By the end of the 18th century, deaf schools had formed in France and Britain, and inevitably the pupils took to signing. Deaf teachers now had a key to unlock their students' minds, but not all were happy to use it. Some felt that signing would block the deaf from the eventual goal of speech. It was a hard choice. Should the deaf's natural affinity with signing be co-opted into their education, with the attendant risk of estranging them from the larger community of speakers? Or should it be speech at all costs, even if this meant that many fell at the first hurdle? Fortunately for most of the deaf themselves, this fearful choice was no choice at all, since they automatically picked up signing whenever they had the chance.

The story of this painful and angry debate has been told before, but it is good to have Ree tell it again. He delivers a wealth of historical detail, filled with telling incident and curious anecdote. Even more importantly, he is able to steer his way through the treacherous waters of linguistic theory. By training Ree is a professional philosopher, and he lays bare a number of misconceptions that have blighted attitudes to sign language. Most damaging has been the assumption that signing works pictorially, like some childish system of charades. Ree elegantly demonstrates that nothing could be further from the truth. By appealing to the elements of phonetic science as laid down by Ferdinand de Saussure at the turn of this century, he shows how signing is a proper language in just the same sense as speech.
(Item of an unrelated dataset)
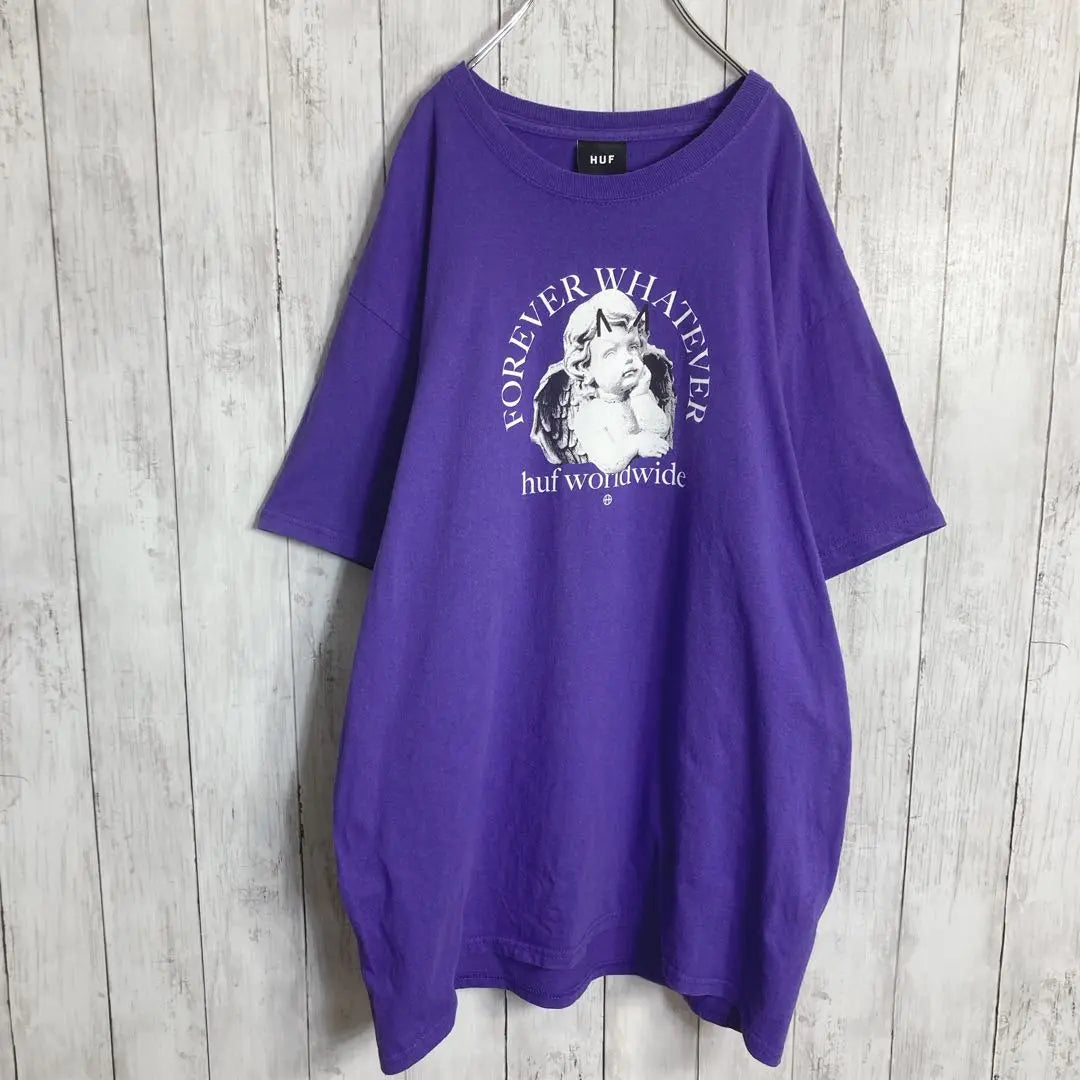 [Hard to get] HUF Purple Print Short Sleeve T-Shirt #1166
Ree's history of the deaf is flanked by two shorter sections, which dissect the ways in which ordinary people and philosophers think about the "five senses". Overall, Ree intends this book as a contribution to a new style of philosophy, one which views things as phenomena, as items which are "weighed down by history, saturated with memories, fears and desires ... a hubbub of conflicting interpretations". Science may deliver one kind of truth, Ree allows, but the true importance of things can only be grasped by deciphering this historical palimpsest.

At one level, this book is an unquestionable triumph. Ree writes beautifully, and orchestrates a scarcely credible range of historical, philosophical and literary references into a narrative that fairly jumps off the page. His conception of philosophy, though, raises questions. In a way his own "philosophical history of deafness" counts against his philosophical programme, and in favour of the claims of science. After all, as Ree tells the story, the virtues of deaf sign languages were largely ignored until Saussurian science corrected the prejudices of history.

But this is rather too quick, for it forgets that the human use of scientific knowledge must always itself depend on some larger framework of ideas, a framework with no authority but the questionable commendation of history. Ree is right to urge a constant interrogation of the past in the interest of finding the right way forward. Indeed the case of Saussure himself makes the point. Despite his insights, Saussure remained a victim of the historical prejudices that his own theories undermined, and was never able to appreciate the essential unity of signed and spoken languages.

Even so, some readers may wish that Ree had offered more science. He is so good on the significance of modern phonetics that it seems odd that he ignores other scientific questions. He says little about the grammatical comparisons between deaf and spoken languages, or about the biological imperatives that drive the deaf towards signing when speech is unavailable. Saussure is treated at some length, but Noam Chomsky appears only in a couple of footnotes, and Charles Darwin not at all.

But this is carping. Grammar and biology are only two of the many topics where Ree will leave his readers asking for more. I was also disappointed he did not spend longer on Chinese ideography, or on the sign language of Native Americans, or on the hearing children of deaf parents, or on many other issues I resolved to pursue further. It is a virtue of this philosophical history that every layer it removes turns out to uncover even more interesting layers below.